When and How Can Real World Data Analyses Substitute for Randomized Controlled Trials?
Longitudinal healthcare databases, such as claims and EHRs, are by far the most frequently used data source for RWE seeking to understand the use of medications and their safety and effectiveness in clinical care.3 Transactional databases provide detailed longitudinal records of the care and clinical outcomes of millions of patients, and they continue to grow in size, clinical detail, and accessibility through data linkage, standardization, and sharing. Studies based on longitudinal healthcare databases can evaluate drug effects in populations often excluded from RCTs, such as pregnant women, older adults, and patients with many comorbidities, and they reflect community‐based care and comedication patterns. They can also be completed relatively fast and at a small fraction of the cost of RCTs. Regulatory agencies have been using database analyses for decades to assess the safety of medical products, and they consider them for decision making for drug approval in select cases.1
Despite such uses, there remain major concerns about RWD analyses.8 Decision makers prefer RCTs not only because of their baseline randomization, but also because RCTs have the ability to tightly control measurements of patient characteristics and health outcomes and because their principles are easy to communicate. Properly designed and executed RCTs provide a priori confidence that their findings will be causally interpretable and useful for regulatory decision making. In contrast, database studies lack randomization and primary data collection, and they are often perceived as complex, poorly reported, inscrutable, and, therefore, harder to interpret and reproduce (Figure2). Although there is great potential for utilizing RWD analyses to supplement and sometimes substitute for RCT evidence on marketed medications, this lack of confidence in nonrandomized RWD analyses has limited their impact.

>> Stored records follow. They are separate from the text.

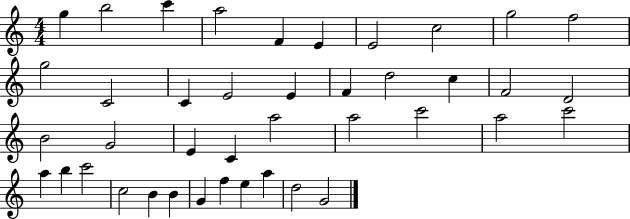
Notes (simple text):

G5/q B5/h C6/q A5/h F4/q E4/q E4/h C5/h G5/h F5/h G5/h C4/h C4/q E4/h E4/q F4/q D5/h C5/q F4/h D4/h B4/h G4/h E4/q C4/q A5/h A5/h C6/h A5/h C6/h A5/q B5/q C6/h C5/h B4/q B4/q G4/q F5/q E5/q A5/q D5/h G4/h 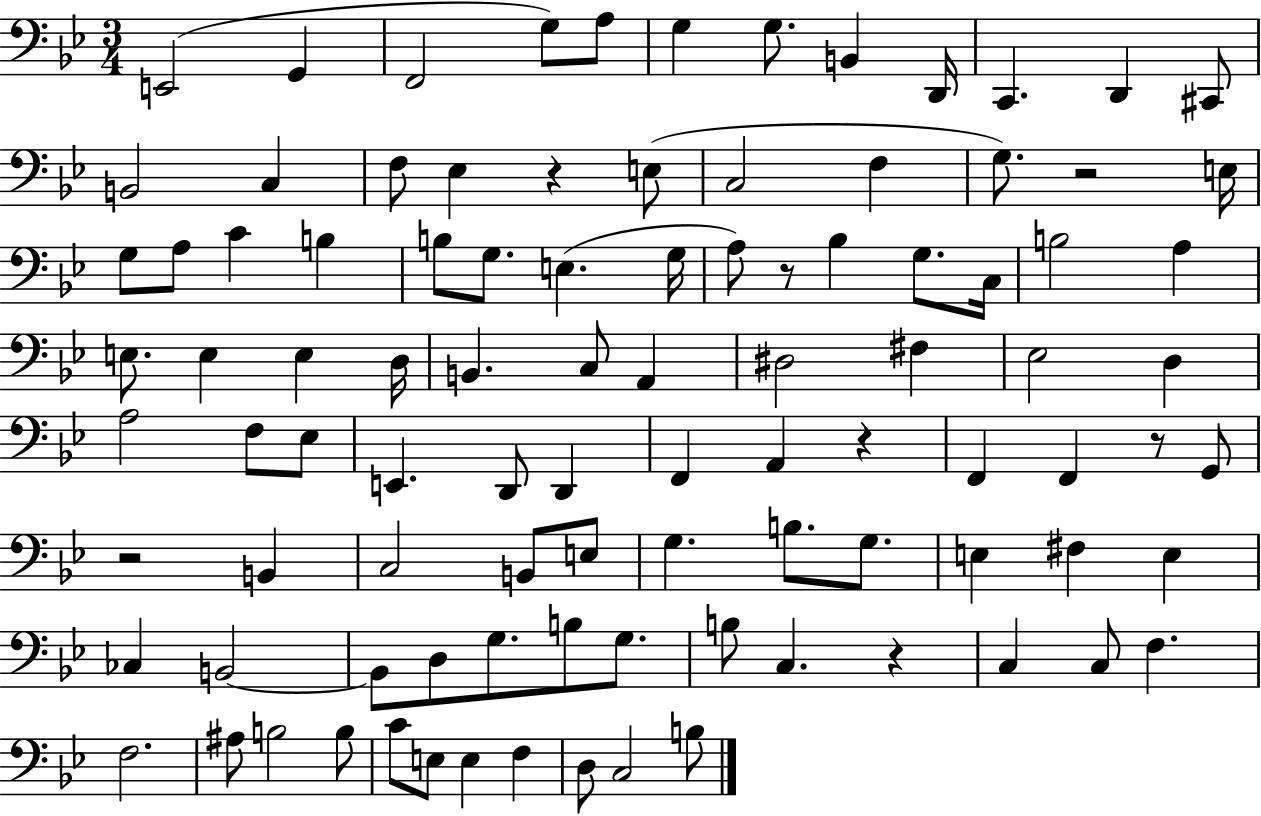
{
  \clef bass
  \numericTimeSignature
  \time 3/4
  \key bes \major
  e,2( g,4 | f,2 g8) a8 | g4 g8. b,4 d,16 | c,4. d,4 cis,8 | \break b,2 c4 | f8 ees4 r4 e8( | c2 f4 | g8.) r2 e16 | \break g8 a8 c'4 b4 | b8 g8. e4.( g16 | a8) r8 bes4 g8. c16 | b2 a4 | \break e8. e4 e4 d16 | b,4. c8 a,4 | dis2 fis4 | ees2 d4 | \break a2 f8 ees8 | e,4. d,8 d,4 | f,4 a,4 r4 | f,4 f,4 r8 g,8 | \break r2 b,4 | c2 b,8 e8 | g4. b8. g8. | e4 fis4 e4 | \break ces4 b,2~~ | b,8 d8 g8. b8 g8. | b8 c4. r4 | c4 c8 f4. | \break f2. | ais8 b2 b8 | c'8 e8 e4 f4 | d8 c2 b8 | \break \bar "|."
} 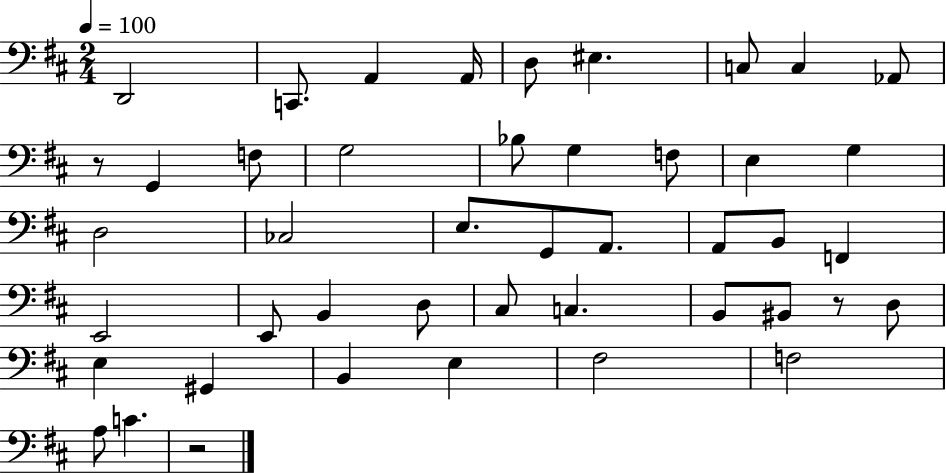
X:1
T:Untitled
M:2/4
L:1/4
K:D
D,,2 C,,/2 A,, A,,/4 D,/2 ^E, C,/2 C, _A,,/2 z/2 G,, F,/2 G,2 _B,/2 G, F,/2 E, G, D,2 _C,2 E,/2 G,,/2 A,,/2 A,,/2 B,,/2 F,, E,,2 E,,/2 B,, D,/2 ^C,/2 C, B,,/2 ^B,,/2 z/2 D,/2 E, ^G,, B,, E, ^F,2 F,2 A,/2 C z2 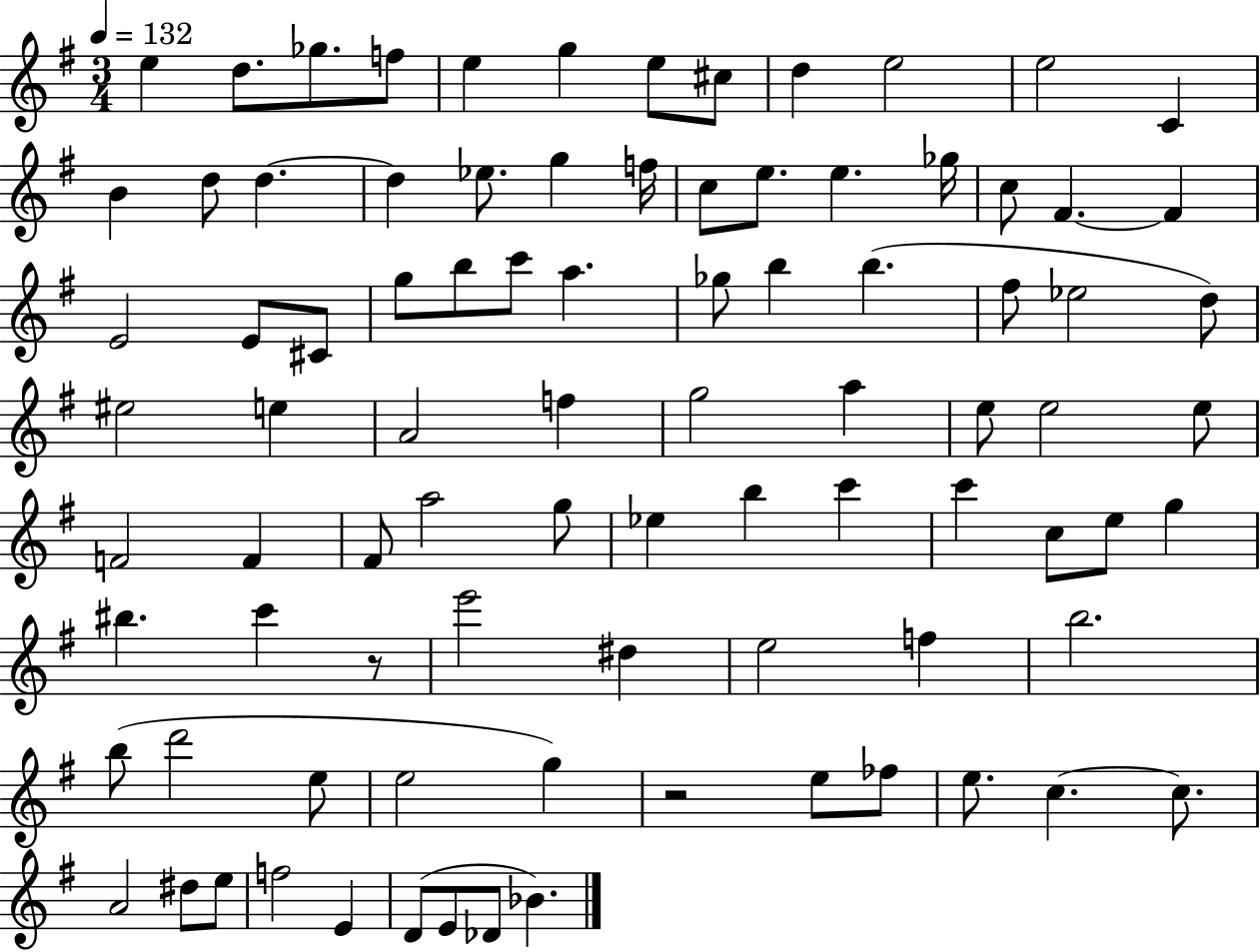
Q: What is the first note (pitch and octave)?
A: E5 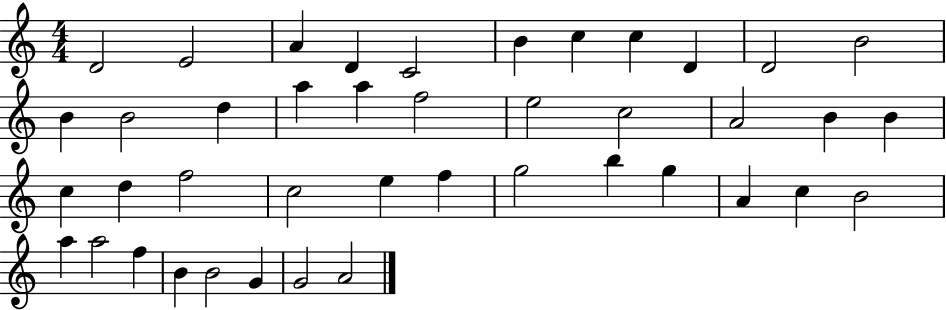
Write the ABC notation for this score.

X:1
T:Untitled
M:4/4
L:1/4
K:C
D2 E2 A D C2 B c c D D2 B2 B B2 d a a f2 e2 c2 A2 B B c d f2 c2 e f g2 b g A c B2 a a2 f B B2 G G2 A2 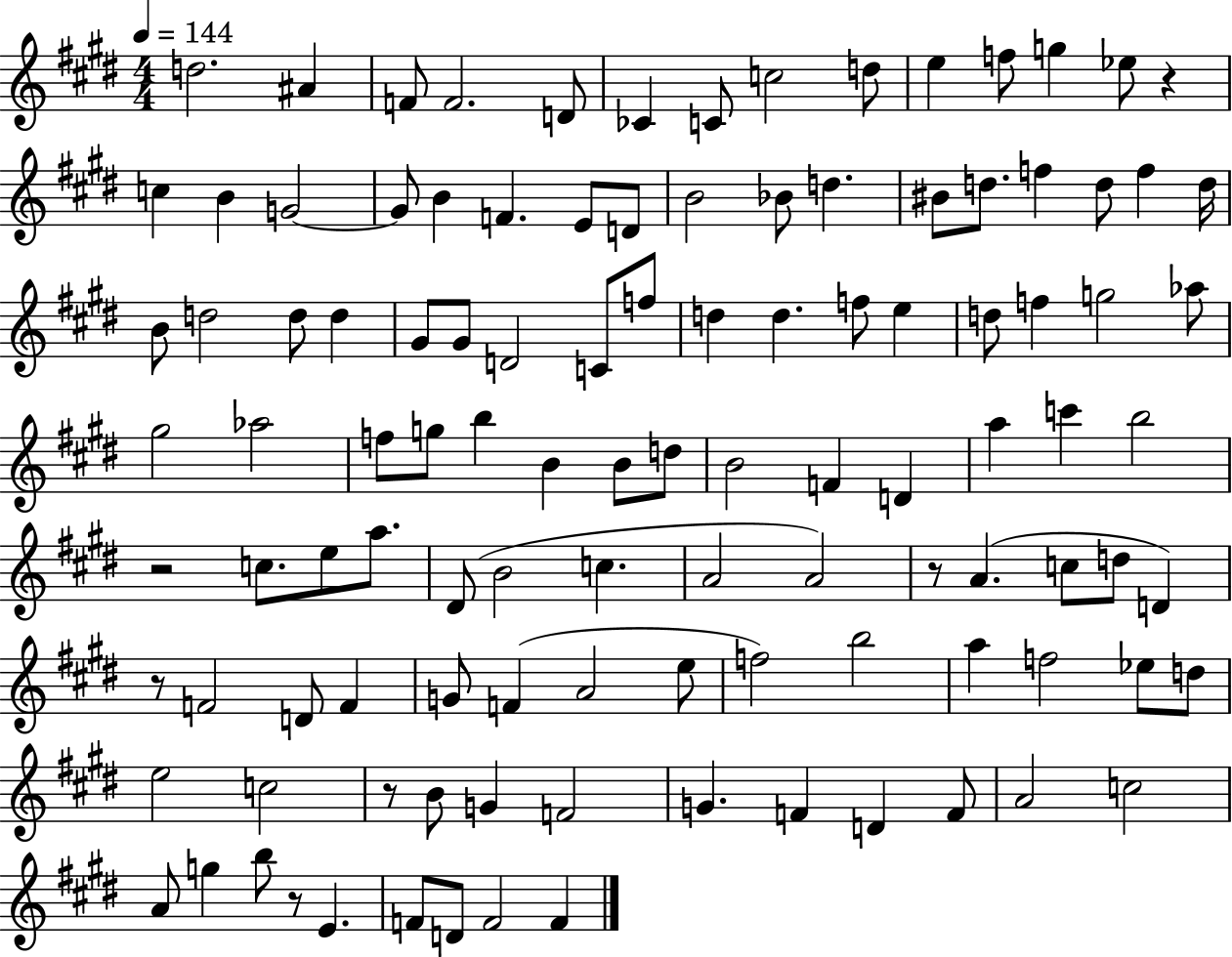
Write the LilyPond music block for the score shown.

{
  \clef treble
  \numericTimeSignature
  \time 4/4
  \key e \major
  \tempo 4 = 144
  d''2. ais'4 | f'8 f'2. d'8 | ces'4 c'8 c''2 d''8 | e''4 f''8 g''4 ees''8 r4 | \break c''4 b'4 g'2~~ | g'8 b'4 f'4. e'8 d'8 | b'2 bes'8 d''4. | bis'8 d''8. f''4 d''8 f''4 d''16 | \break b'8 d''2 d''8 d''4 | gis'8 gis'8 d'2 c'8 f''8 | d''4 d''4. f''8 e''4 | d''8 f''4 g''2 aes''8 | \break gis''2 aes''2 | f''8 g''8 b''4 b'4 b'8 d''8 | b'2 f'4 d'4 | a''4 c'''4 b''2 | \break r2 c''8. e''8 a''8. | dis'8( b'2 c''4. | a'2 a'2) | r8 a'4.( c''8 d''8 d'4) | \break r8 f'2 d'8 f'4 | g'8 f'4( a'2 e''8 | f''2) b''2 | a''4 f''2 ees''8 d''8 | \break e''2 c''2 | r8 b'8 g'4 f'2 | g'4. f'4 d'4 f'8 | a'2 c''2 | \break a'8 g''4 b''8 r8 e'4. | f'8 d'8 f'2 f'4 | \bar "|."
} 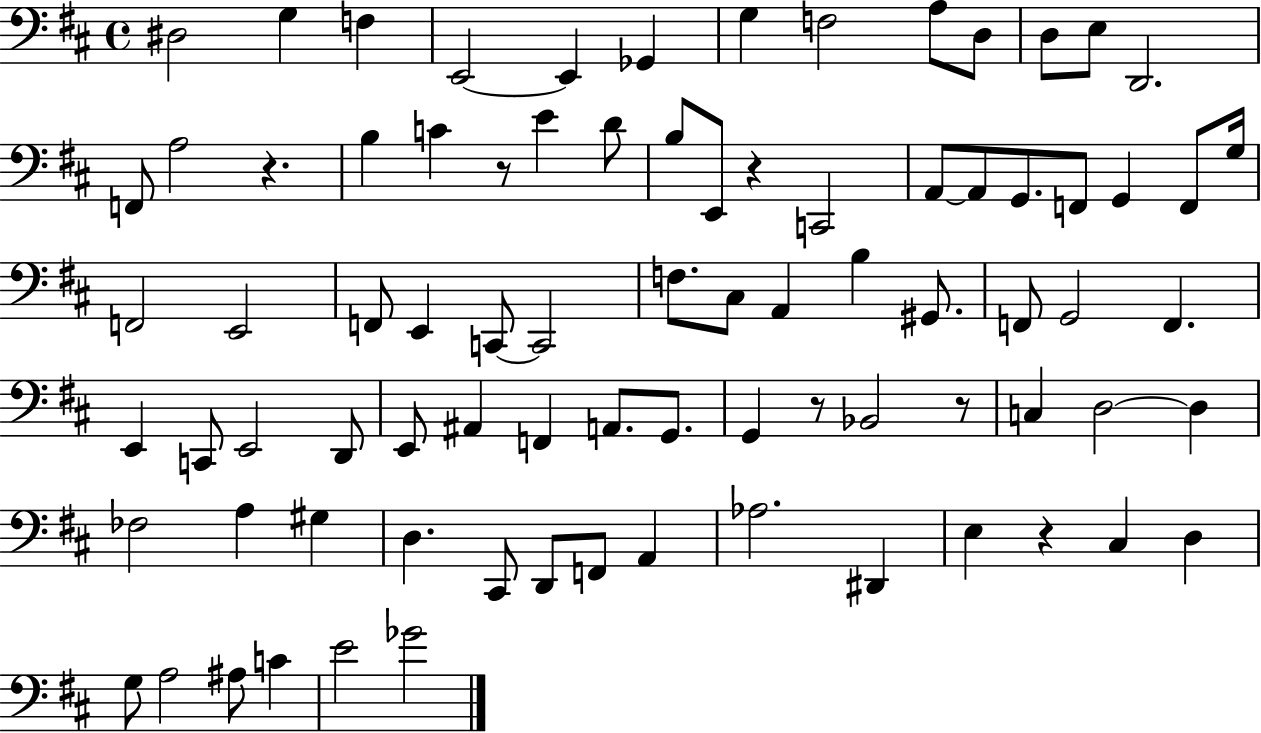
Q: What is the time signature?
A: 4/4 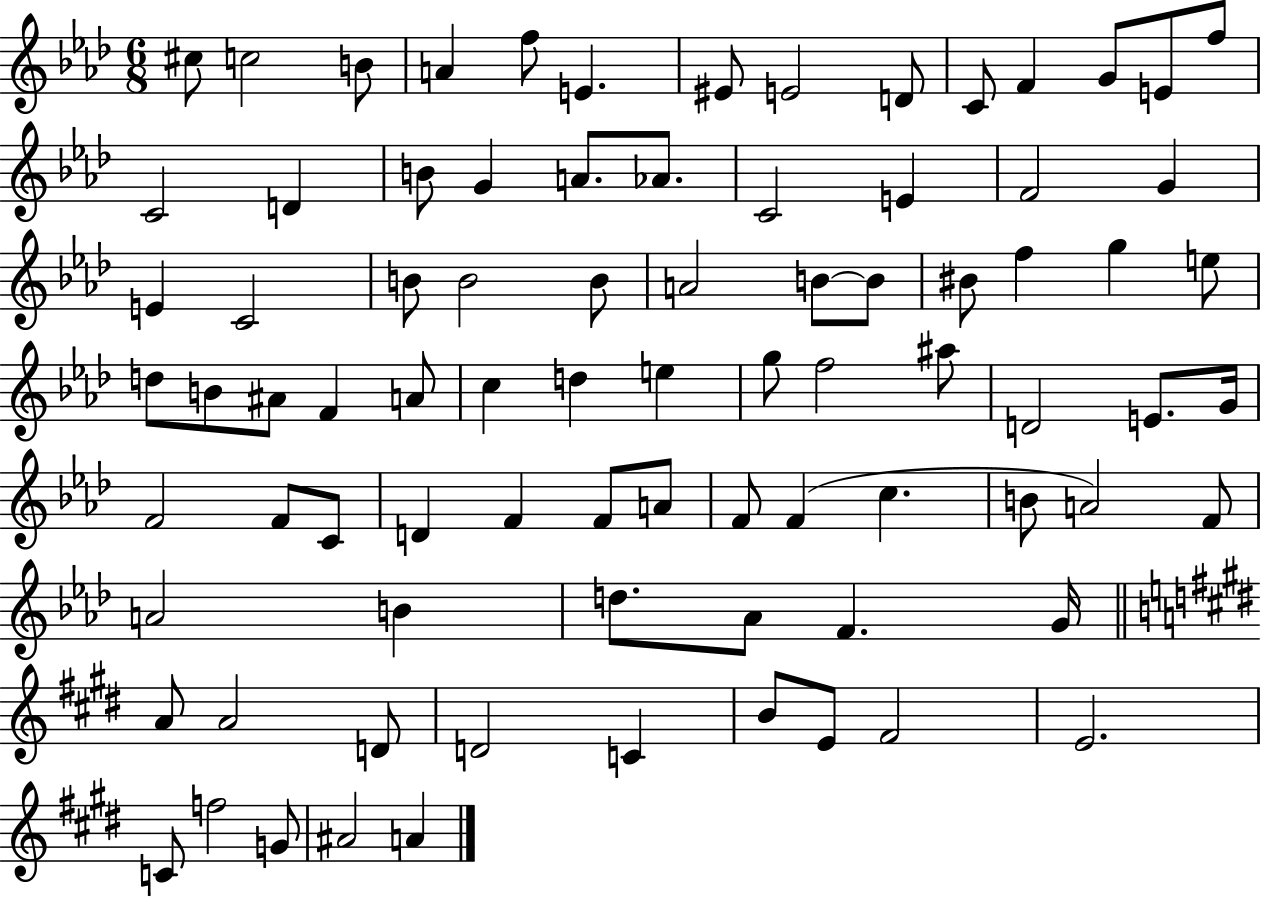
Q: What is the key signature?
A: AES major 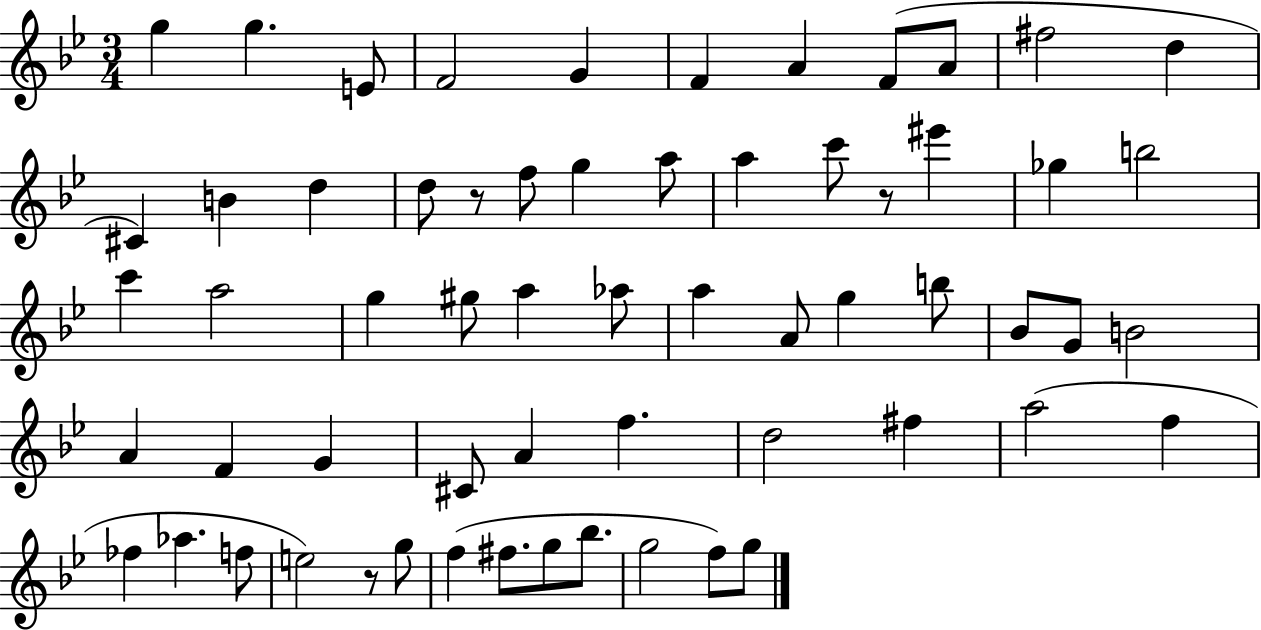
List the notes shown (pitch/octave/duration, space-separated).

G5/q G5/q. E4/e F4/h G4/q F4/q A4/q F4/e A4/e F#5/h D5/q C#4/q B4/q D5/q D5/e R/e F5/e G5/q A5/e A5/q C6/e R/e EIS6/q Gb5/q B5/h C6/q A5/h G5/q G#5/e A5/q Ab5/e A5/q A4/e G5/q B5/e Bb4/e G4/e B4/h A4/q F4/q G4/q C#4/e A4/q F5/q. D5/h F#5/q A5/h F5/q FES5/q Ab5/q. F5/e E5/h R/e G5/e F5/q F#5/e. G5/e Bb5/e. G5/h F5/e G5/e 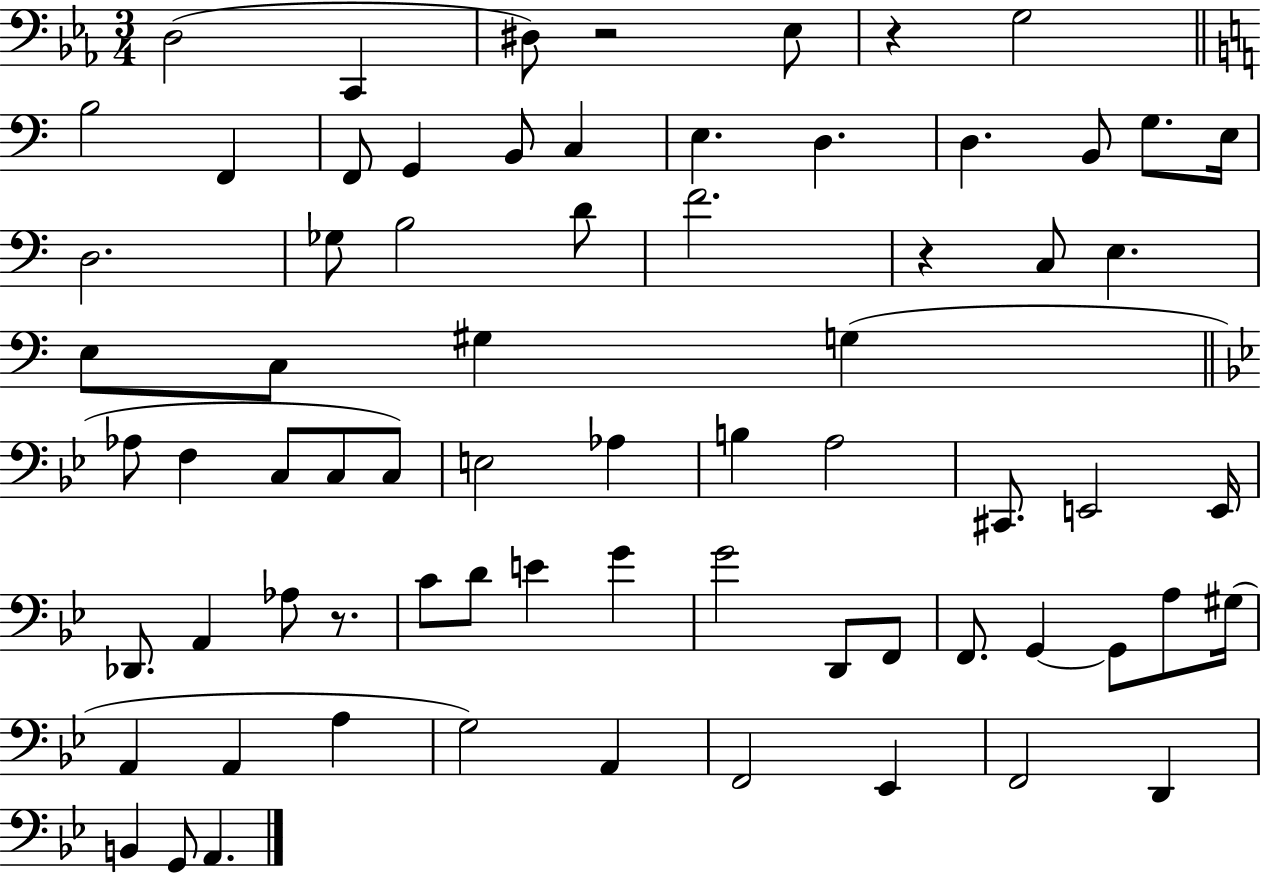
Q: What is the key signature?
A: EES major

When RWD analyses and RCTs have been compared, many investigators conclude that, on average, both approaches result in similar findings.9 However, in individual settings, there can be substantial differences between RWE and RCTs. Although RWD analyses often ask slightly different clinical questions than RCTs and not all RCTs can be considered gold standard analyses,16 this finding is concerning. In some of these situations, findings have differed not only in the magnitude of estimated effect, but in direction, resulting in qualitatively different causal conclusions.18 These instances are often caused by perfectly avoidable mistakes in study design or analysis,20 and there have also been several examples of successful RWD analyses of therapeutics with findings later confirmed by RCTs.